Place a couple of tomato pieces in each tart case, sprinkle with cheese and cover with the seasoned egg and milk mixture, taking care not to overfill. Bake for a further 15 minutes or until the filling has set. Serve warm or cold.
Oh yum, could eat half a dozen of those right now!
I think I did eat about half a dozen…whoops…
This sounds and looks so wonderful! I am going to save this for next summer!
I think you could do lots of different things with the roasted green tomatoes – they end up surprisingly sweet.
I love to fry them, but have never experimented with them any other way. Thanks for the enlightenment! 🙂
Got green tomatoes that don’t look like riprning, going to try that today with a difference, great lunch idea.
Tried them, delicious with a little sesame seeds srpinkled on top and chopped parsley in the egg mixture.
AV
Glad you liked them! If you have anymore green tomatoes, I reckon the roasted ones would go well with meat in a tagine or casserole.
Oh wow! They look so good!!!
They were very moreish (note I say ‘were’ not ‘are’!)
Ha ha!
They’d have to go in the lock-able mince pie tin…! Look lovely 😁 well done on your monster tomato plant, we got about 7 blueberries this year
How do you lock a mince pie tin?! I would just unlock it anyway and scoff the lot 🙂
Those look wonderful! Bread, roasted tomatoes, and a good cheddar… what more do you need? 🙂
Exactly! 🙂
They look so cute! Can you fit a whole one in your mouth at once???

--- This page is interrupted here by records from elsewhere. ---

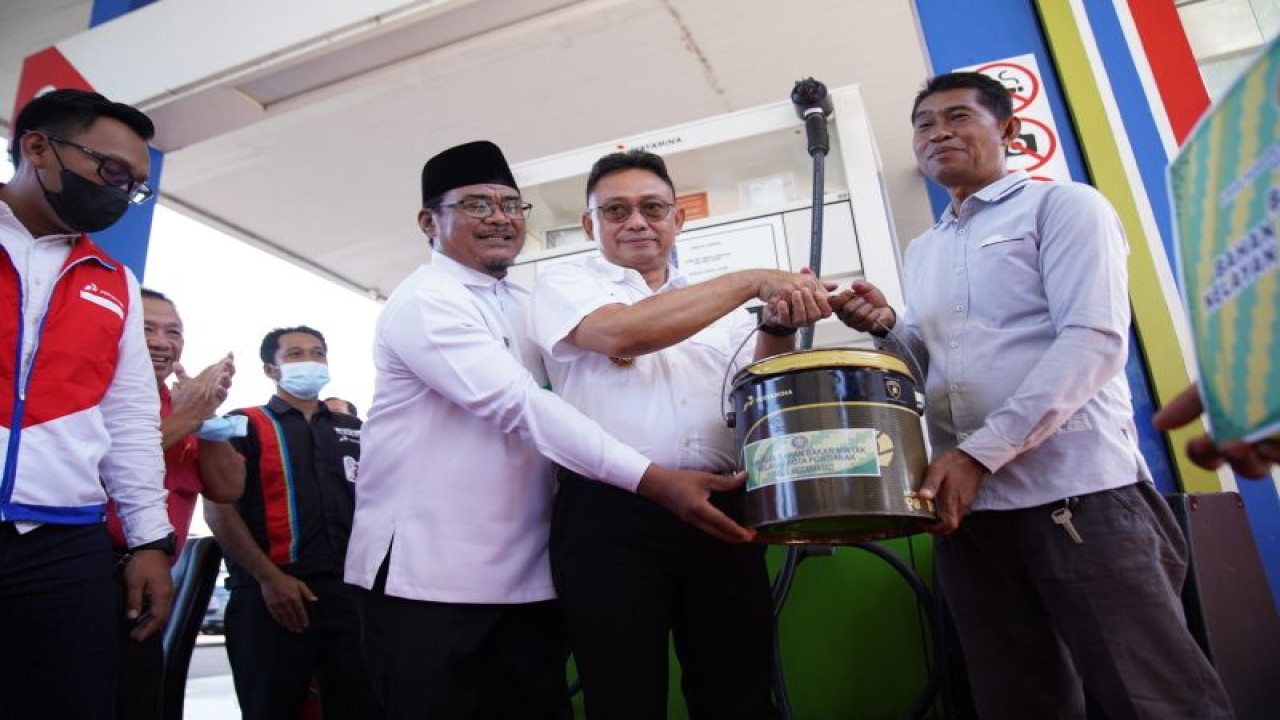 Wali Kota Pontianak Edi Rusdi Kamtono secara simbolis menyerahkan bantuan BBM kepada perwakilan nelayan di SPBU Jalan 28 Oktober, Kecamatan Pontianak Utara, Kota Pontianak. (ANTARA/HO-Jimi)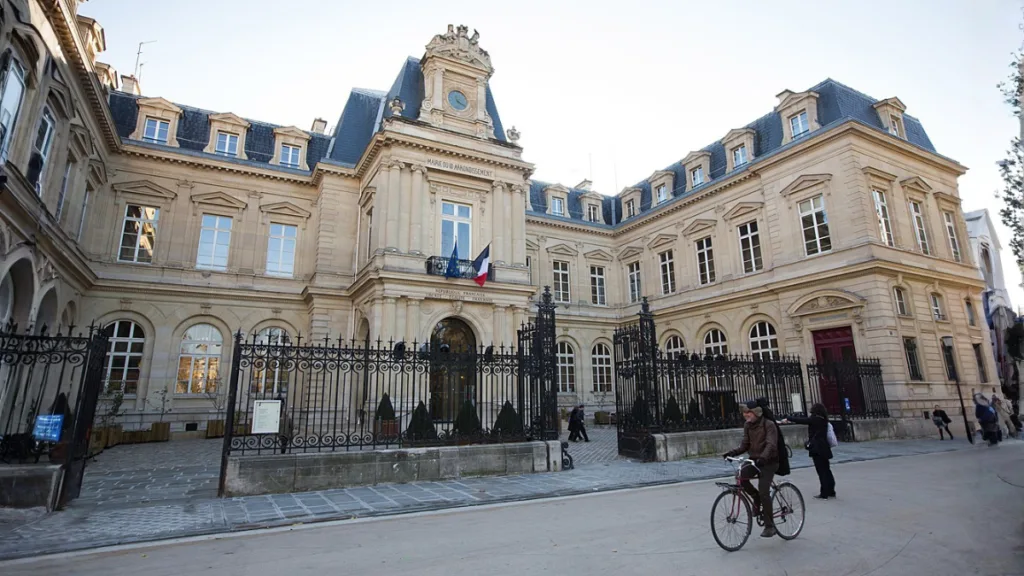 شباب من أصول مغربية يتحملون مسؤوليات سياسية في عمودية باريس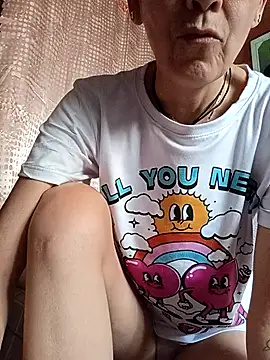 Snapshot of NanitaFun chatting on 12.04.25 NanitaFun online show from 12.04.25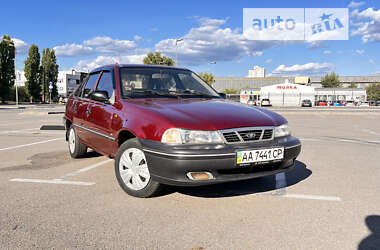 Седан Daewoo Nexia 2007 в Киеве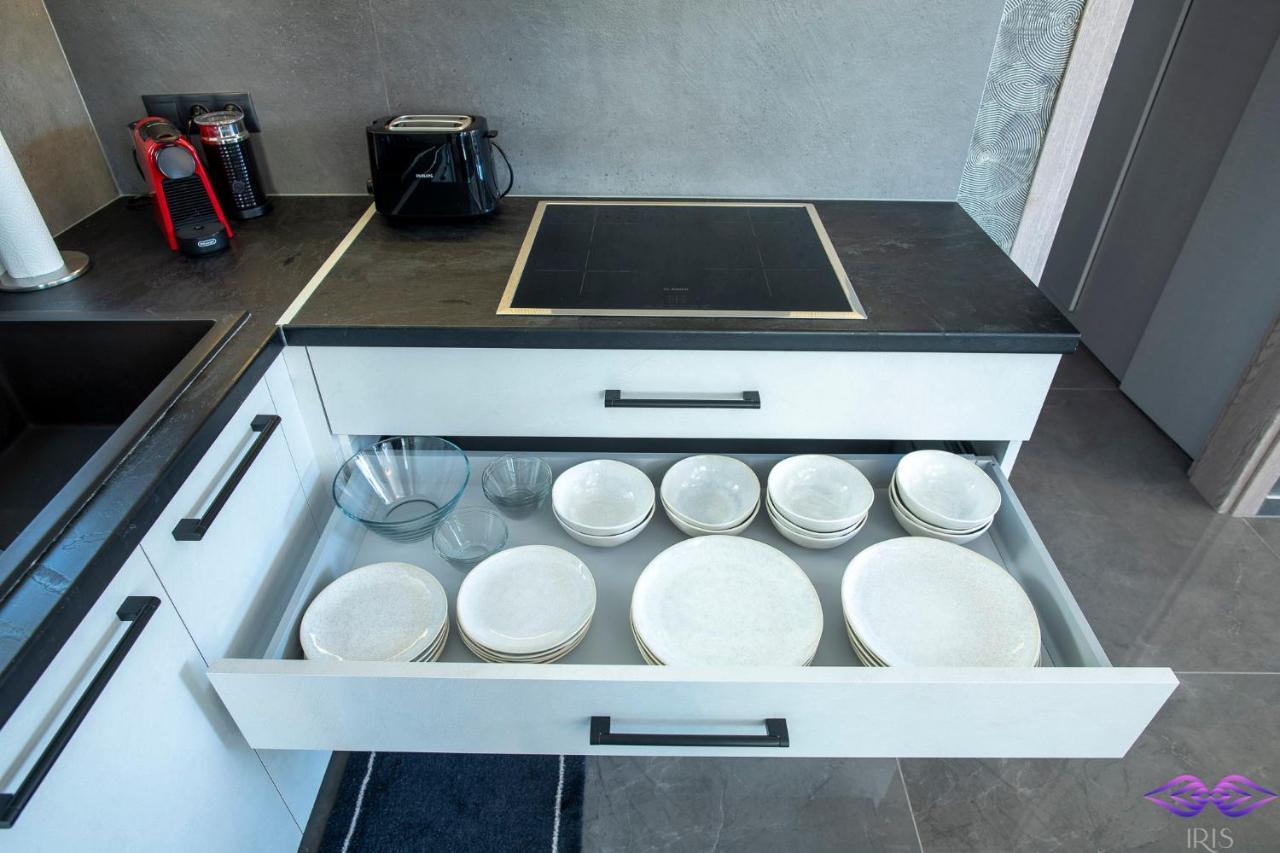 Appartamento Luxury Penthouse With Acropolis View And Jacuzzi Atene Esterno foto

Indeed, I can confirm that you can 😉
Maybe a ‘good old standby’ to you, but totally new to me. Shall have to try making some–though at the moment I’m still being inundated with ripe tomatoes from the greenhouse. Salads, soups and pasta sauce galore!
Ah, I used to make them with my sister when I was little – not with green tomatoes though, mainly cheese and ham! They go really crispy so it’s hard to tell they’re not pastry-based.
I have some green tomatoes that came in my veg box (did you ever check them out at all – Sutton Farm?) and have been listlessly wondering what to do with them – not enough to make a chutney but certainly enough to give this a try!
No, I must check them out, keep meaning to. I think if you roasted the green tomatoes you could also use them in a tagine or similar, they reminded of apricots somehow.
These are really too cute! I’m going to try these out so I can see what you mean about the apricot flavour, sounds intriguing. Love the fact that your tomato plant took over the yard!
Let me know what you think! Have you got green tomatoes at the moment?